ActiveSOAP now fully supports JAXB 2.0 as a marshalling layer for REST and SOAP web services; allowing you to use a nice and simple marshalling layer and keep your code based on simple POJOs. To get a feel for how this works see the examples

We've added support to ActiveSOAP for XStream making it easy to expose POJOs over REST or SOAP endpoints using XStream's simple & fast XML serialization. There are some examples here.

So now we've the best of both worlds.

  • if you're starting from the POJO route you can use a tool like XStream to work in a REST/SOAP way
  • if you're given a WSDL / XSD to interact with, you can use XMLBeans to autogenerate XMLBeans from the WSDL/XSD

You can happily mix and match both approaches, together with any other kinds of XML binding tools you wish - all using a simple & lightweight REST/SOAP framework with pluggable transports for HTTP and JMS.

We have added a few examples of using ActiveSOAP and XMLBeans to invoke web services or REST services, which relies on auto-generating a service interface from the WSDL at the same time you generate your XMLBeans interfaces.

If you want to be dynamic, there's also a Dynamic client which allows you to invoke services without code generation.

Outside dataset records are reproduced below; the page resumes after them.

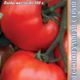 Tomato Florida 47 R F1 seeds 10pcs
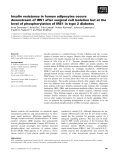 Báo cáo khoa học: Insulin resistance in human adipocytes occurs downstream of IRS1 after surgical cell isolation but at the 1 level of phosphorylation of IRS1 in type 2 diabetes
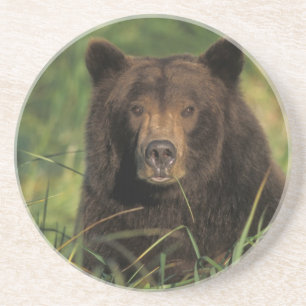 Dessous De Verre En Grès ours brun, Ursus arctos, grizzly, Ursus 9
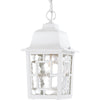 NUVO Lighting 60/4931 Fixtures Outdoor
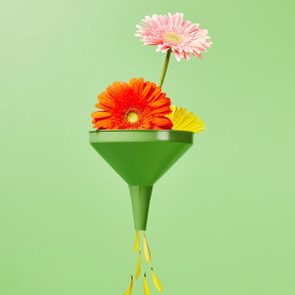 different colors of flowers being focused through a funnel so that only yellow petals come out the bottom; green background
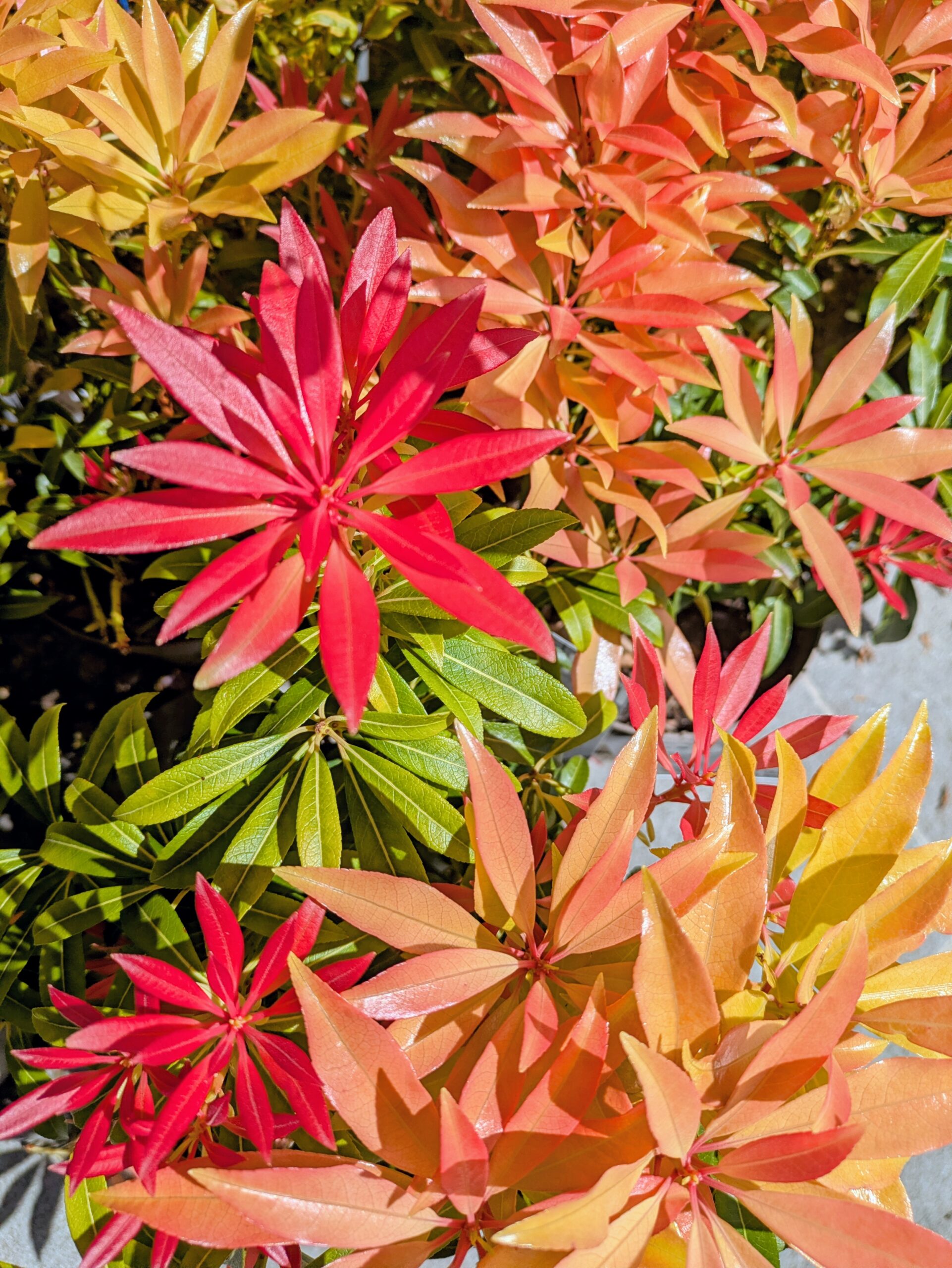 BOTAANY la pépinière L'Aiguillon sur vie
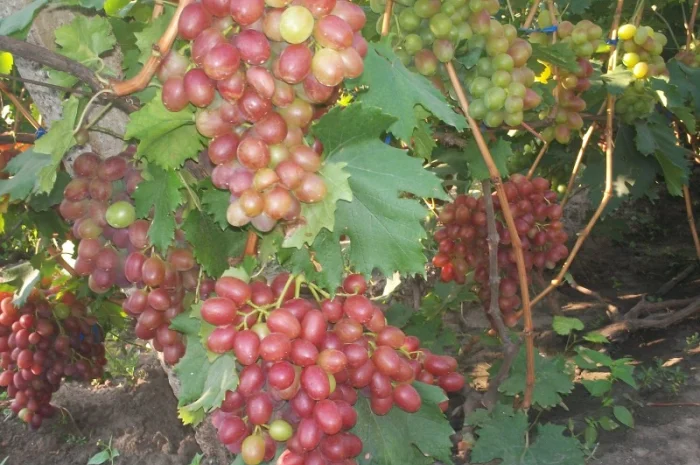 Пропонується виноград столових сортів: Анюта, Лівія, Софія, Преображення, Рембо, Байконур- фото № 2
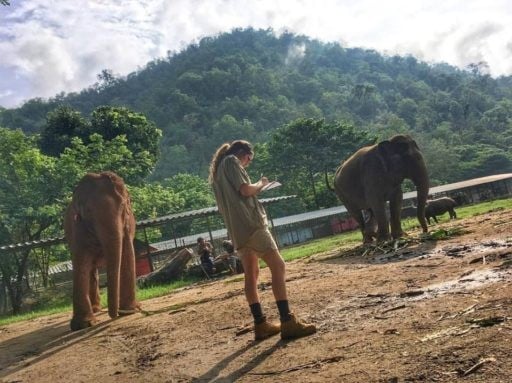 college veterinary service program student checking the elephants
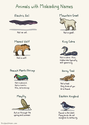 animals with misleading names
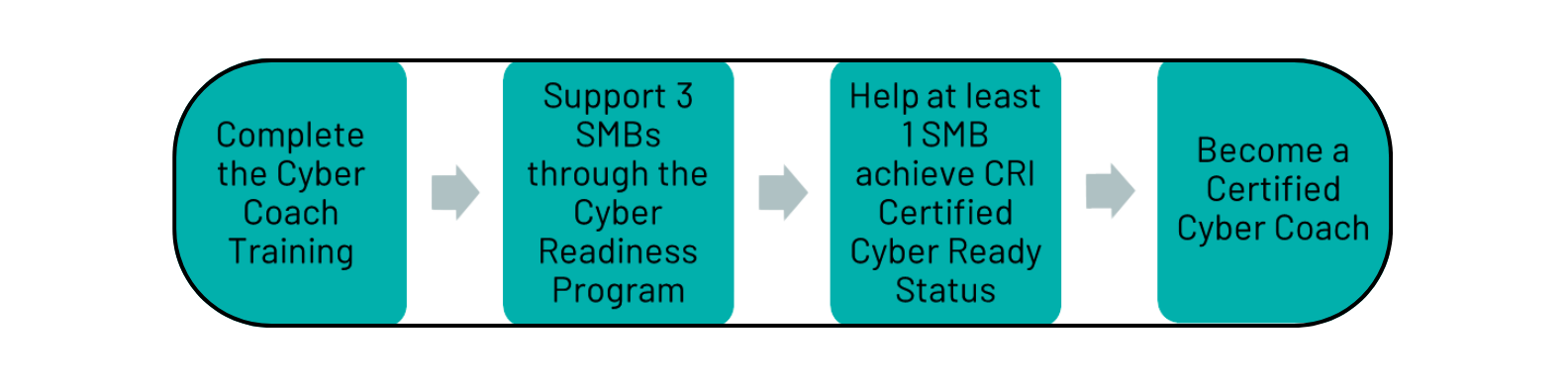Cyber Coach Process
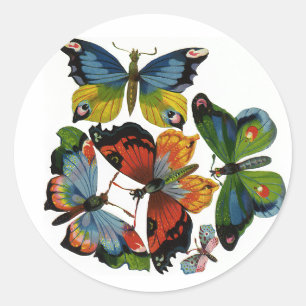 Sticker Rond Insectes vintages ou des insectes, Belles papillon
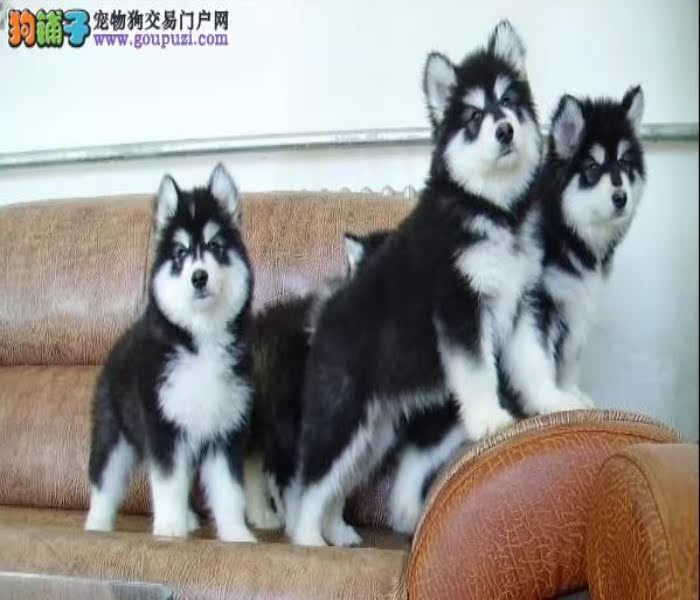 深圳什么地方有卖阿拉斯加 深圳哪有大型狗场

Its very popular to use a RESTful approach of sending blobs of XML over HTTP or JMS. Using the full SOAP protocol and WS-* is often an unnecessary overhead.

ActiveSOAP now supports both pure REST and one or more SOAP protocols concurrently on the same service endpoint over HTTP and/or JMS (or other transports).

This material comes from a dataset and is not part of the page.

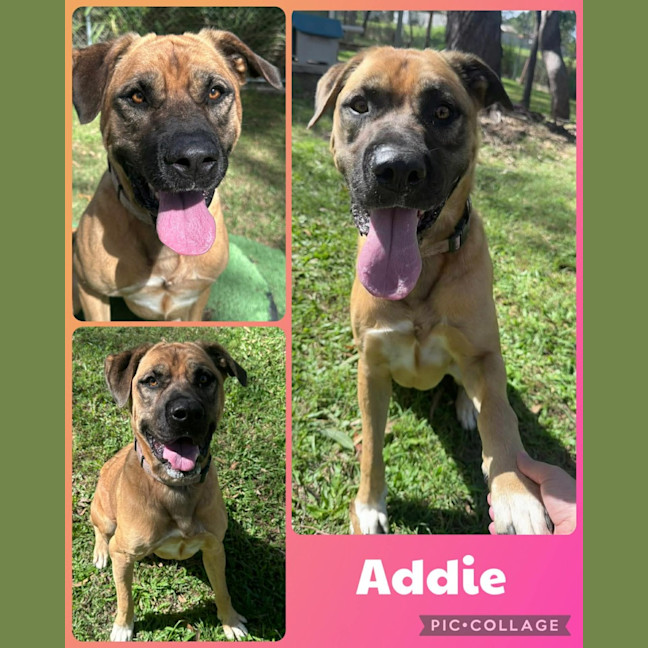 Photo of Addie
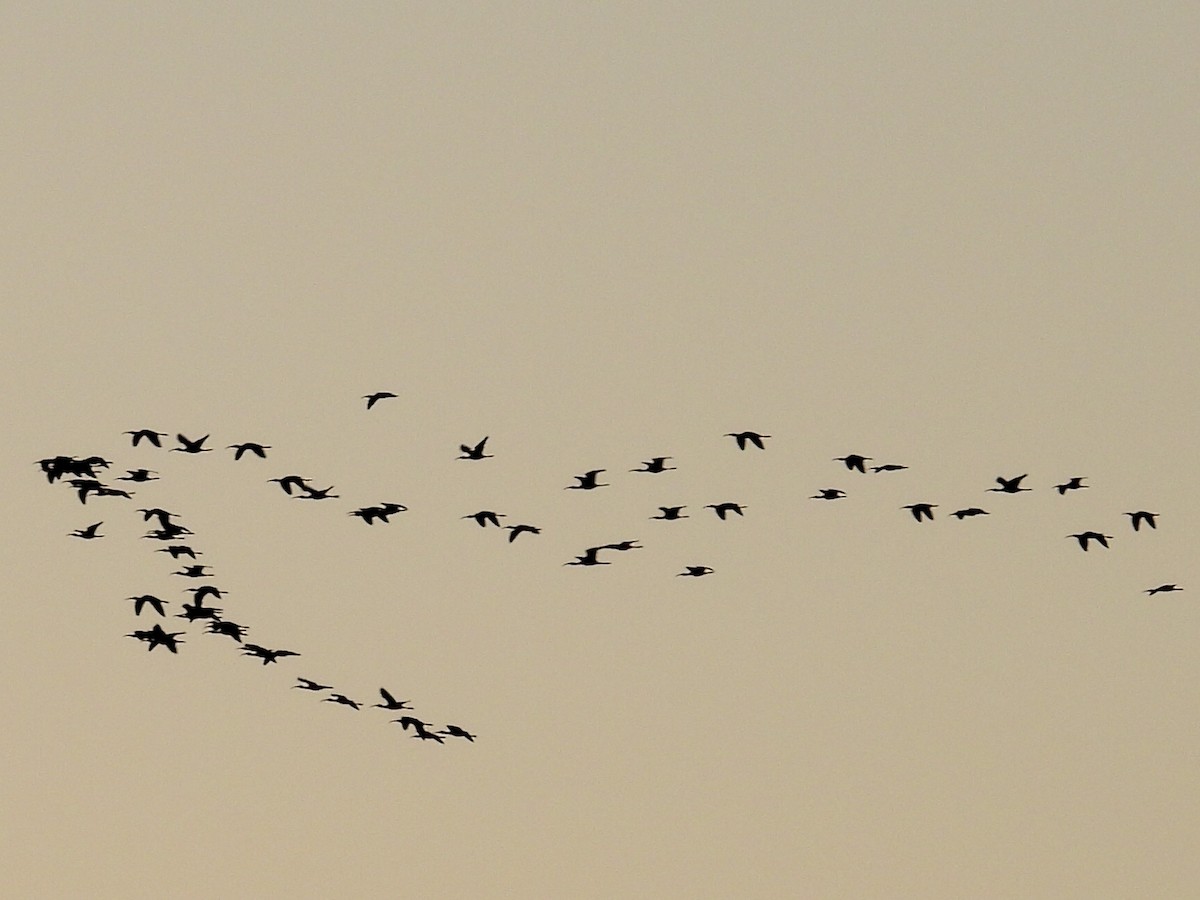 White-faced Ibis - ML643226897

This allows lightweight some clients to use pure REST and then when the use of the SOAP protocol (and other optional WS-protocols) makes sense, to support those too all in the same endpoint.

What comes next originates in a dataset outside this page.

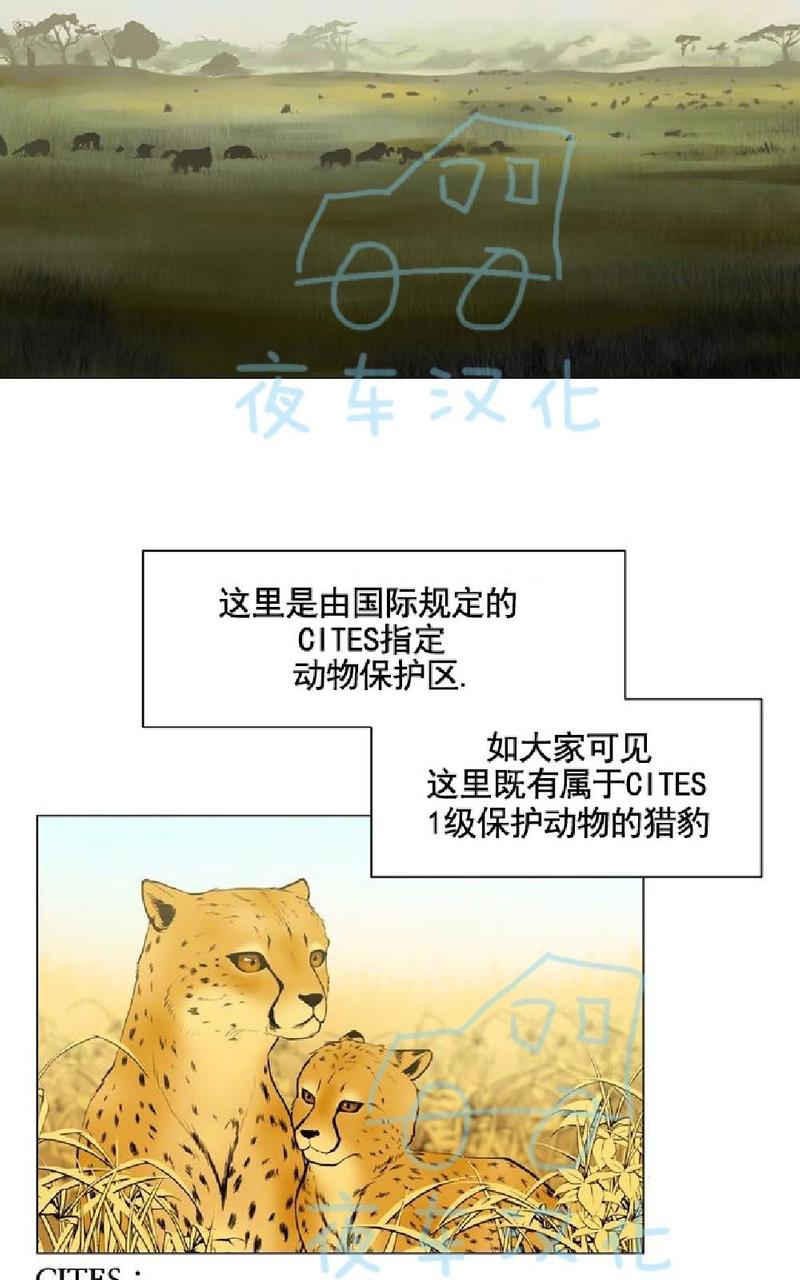 动物王国开大会作文300小学三年级漫画,第6话2图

This is useful as you should only pay for what you need; for many use cases pure REST is fine - its often up to the endpoint to decide whether or not the SOAP protocol is worth the cost and if it is which version of SOAP it wishes to support along with what of the WS-protocols it requires too.

We've added an example to CVS which demonstrates how to bind a POJO service written using XMLBeans generated from a WSDL to both REST and SOAP.

Its easy to map multiple operations on different ports to the same service instance or to separate operations on the same port to different service instances however you see fit.